Borella stopped. They were at the door.
Suddenly Borella seemed less impatient. He took out his silver case and withdrew a cigarette. “Confidential?” he said. He seemed impressed.
McShane relaxed a bit. “Yes. He works directly with Robert Kennedy.”
“The Attorney General. How very important his work must be.”
“Yes, although I know almost nothing about it. It’s very secret.”
“Having to do with crime.”
“Yes. Against the underworld. Against mobsters. He and Kennedy meet all the time.”
“A secret agent?” Borella smiled. “Like your hero, James . . . ?”
“Bond.” McShane laughed. “Yes, like that. James Bond. Only Collins works against the Sicilians instead of the Russians.”
“Sicilians,” Borella said, smiling broadly. “I am Sicilian.”

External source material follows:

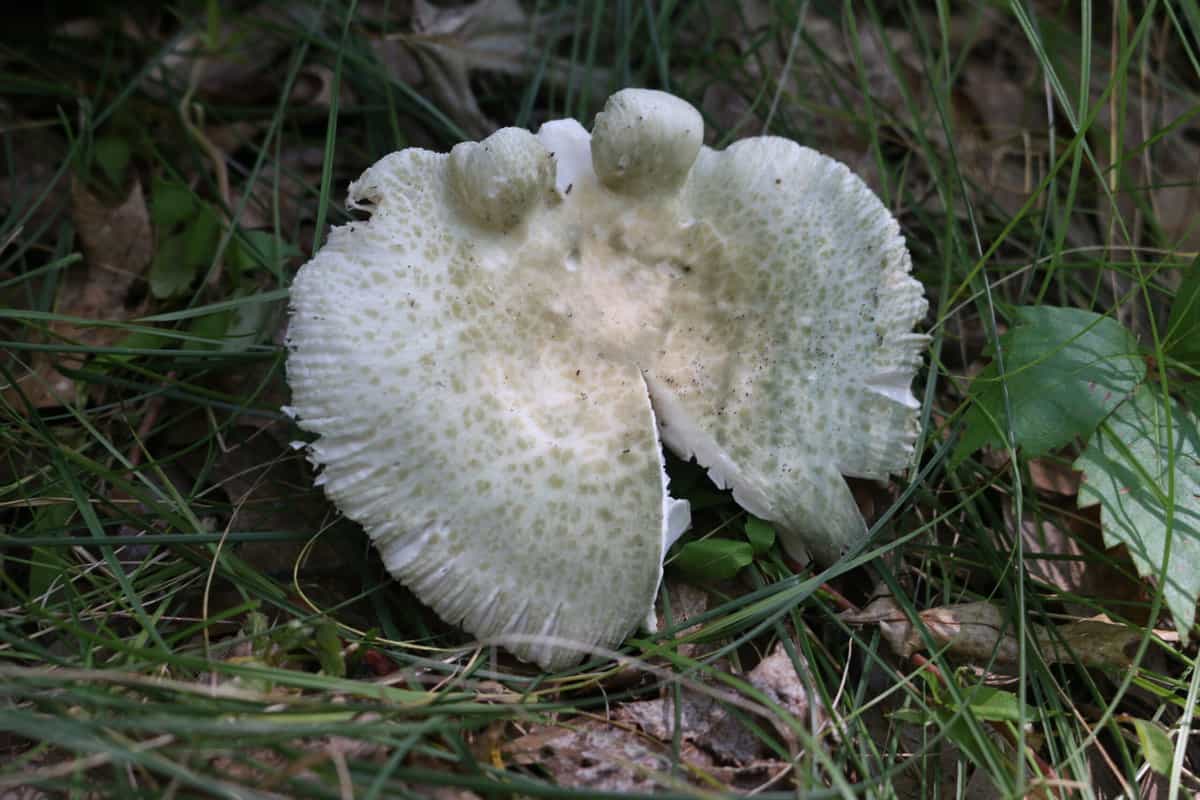 Russula parovirescens, the quilted green russula in the woods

“Oh.” McShane blushed. “I didn’t mean Sicilians. I meant . . .” McShane thought he would die. He wanted to end this and get out.
“The Mafia.”
“Yes.”
“A terrible thing, the Mafia.” Borella dragged on his cigarette, shaking his head. “They have been bad for our people for years. It is good that men like your cousin work against them. You should be very proud.”
McShane relaxed some. “Yes.”
“So your cousin works against them in Washington.”
“No, in Boston.”
“Oh? Is there Mafia in Boston?” Borella dragged on his cigarette. “I did not know that.”
McShane panicked. Had he revealed something he shouldn’t have? Had he broken the seal of that confession Collins had made? He tried to back off what he’d said. “But you’re right. I think mainly he works in Washington. I don’t know of any underworld in Boston either.”
But Borella seemed suddenly uninterested. He opened the door. “You have a fine family, John. That is another reason why the Church is privileged to have your service.”
“It is my privilege, Eminence.”
“We are all privileged, aren’t we?”
McShane felt that perhaps his mistakes had not been so drastic, after all. Borella seemed to regard him affectionately still. But the question nagged; had he violated Micko’s confidence? Of course he had. The seal of confession is absolute. “Eminence.” McShane lowered his voice so that the secretary in the outer office would not hear. “What I’ve told you, of course, about my cousin is sub secreto.”
“Am I not a priest, John?”
“Thank you, Eminence. May I have your blessing?”
McShane knelt.
Ruggero Cardinal Borella blessed him, then said, “Pray, dear Bishop, for His Holiness.”
“Yes, Cardinal, of course. Always.”
Borella closed the door on McShane, then crossed to the large window that cut the north wall of his office in half. He looked out at the dome of St. Peter’s and lit a second cigarette from the stub of the first. Gennaro, he thought. Gennaro.
McShane stopped in the Basilica to pray.
He felt better. Perhaps his cause was not lost after all.
He knelt before Michelangelo’s Pietà and let his eyes bathe in the suffering of God’s Mother.
He asked her to forgive him.
He had violated the seal of silence for the first time in his priestly life, but not gravely. He had shared the secret, but only minimally and only with another priest, and not casually, not without reason. God’s Mother would understand.
He asked her to grant Pope John the grace of a happy death.
He asked her to sustain his own mother in her time of trial. What evil could befall her under the benign glance of Mary?
McShane hurried back to his room to pack and catch the next plane home. It seemed to him that things were not nearly as bad as, for a moment, he had feared.
But that was before he arrived at the pensione and found the telegram from Maureen. “Mother died,” it said. That was all.